Having delivered capital growth of 27% in the last six months, it has clearly been a relatively successful period for BT Group plc (LON:BT.A) (BT.A.L).
Investors appear to be embracing its new strategy, with its most recent quarterly update suggesting that it is making progress in this area. For instance, 2,000 roles were made redundant as the company seeks to put in place a more flexible business model. This could help it to become increasingly competitive versus peers in what is a relatively crowded quad play industry in my view.
With a P/E ratio of around 10 even after its recent share price rise, I feel that BT could offer a margin of safety. This may help it to generate further share price growth in the long run, with investors still seemingly cautious even after its recent rise in market value.

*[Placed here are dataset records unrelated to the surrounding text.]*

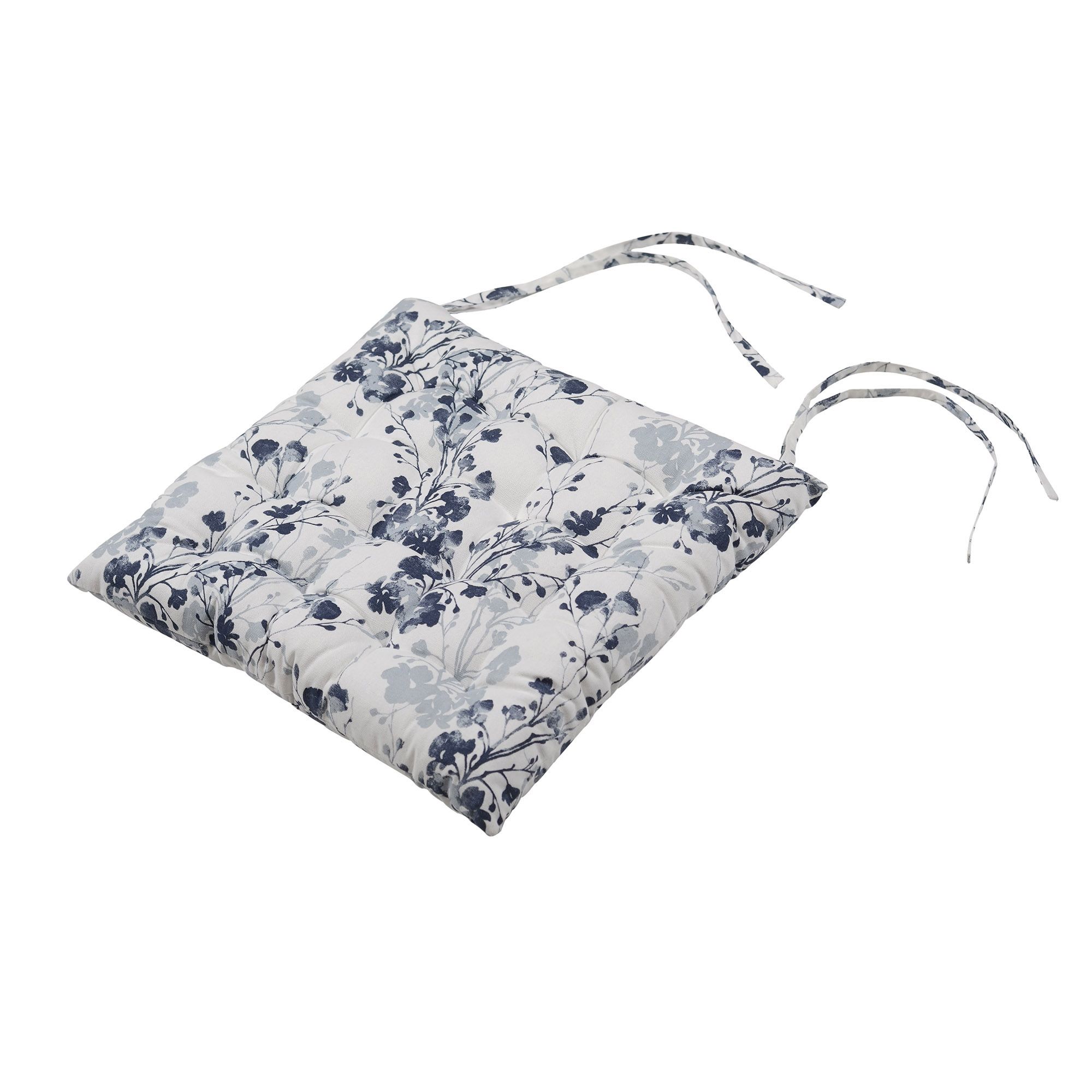 Midnight navy & white Floral Seat pad (L)40cm x (W)40cm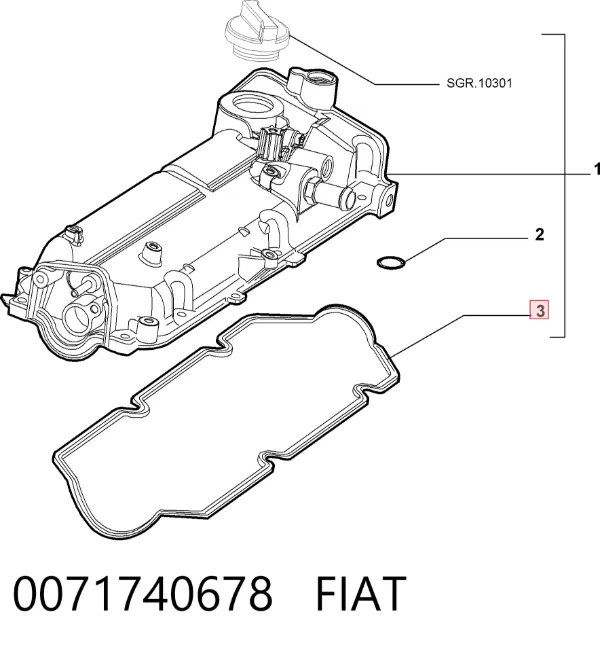 Vedante da tampa de válvulas de motor, kit 0071740678 Fiat/Alfa/Lancia
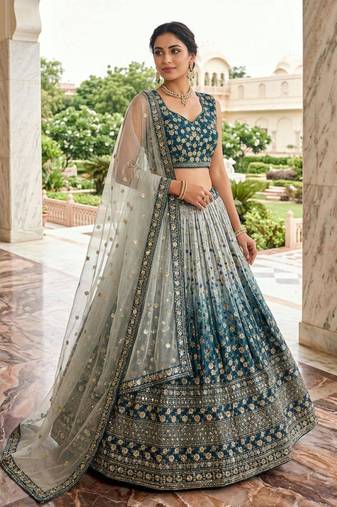 multicolor silkblend embroidered lehenga set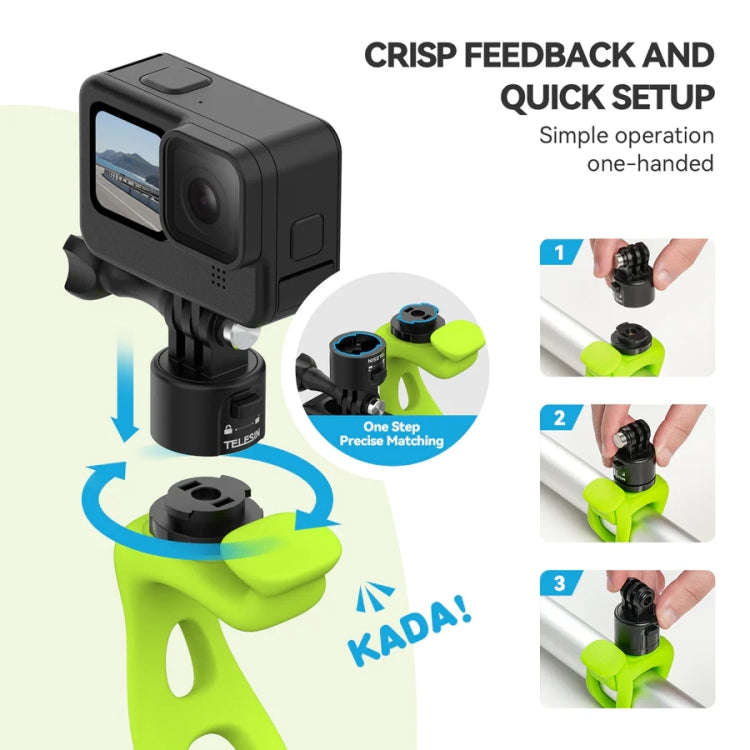 TELESIN TLQ-005 Elastic Quick Release Stand Multi-functional Fixed Silicone Strap Accessories(Grey)
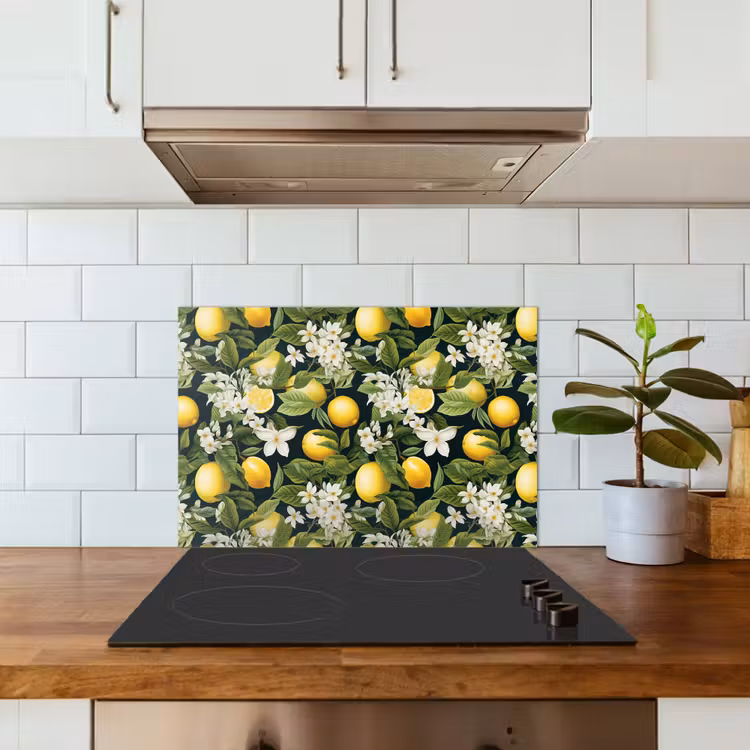 Hangende - Citroenen - Witte - Bloemetjes keuken achterwand spatscherm klein 900 -sfeer2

In my view, investors could continue to be cautious in the near term. The company is, as mentioned, making changes to its business model. It is also set to welcome a new CEO in the New Year, while its financial prospects remain relatively downbeat over the next couple of years.
Therefore, its total return potential over future months could be limited by the potential risks it faces in my opinion. With potential instability as a result of significant change, as well as financial prospects that are a continuation of a trend of falling profitability over the last few years, there may be limited scope for a share price rise in the short run.
In future years, though, I feel that BT could deliver on its total return potential. It appears to have a dominant position in key markets, while its increasing focus on its consumer offering and cost cuts could lead to a stronger business. This may help it to deliver improving share price performance, but in the meantime there could be relatively high volatility ahead in my view.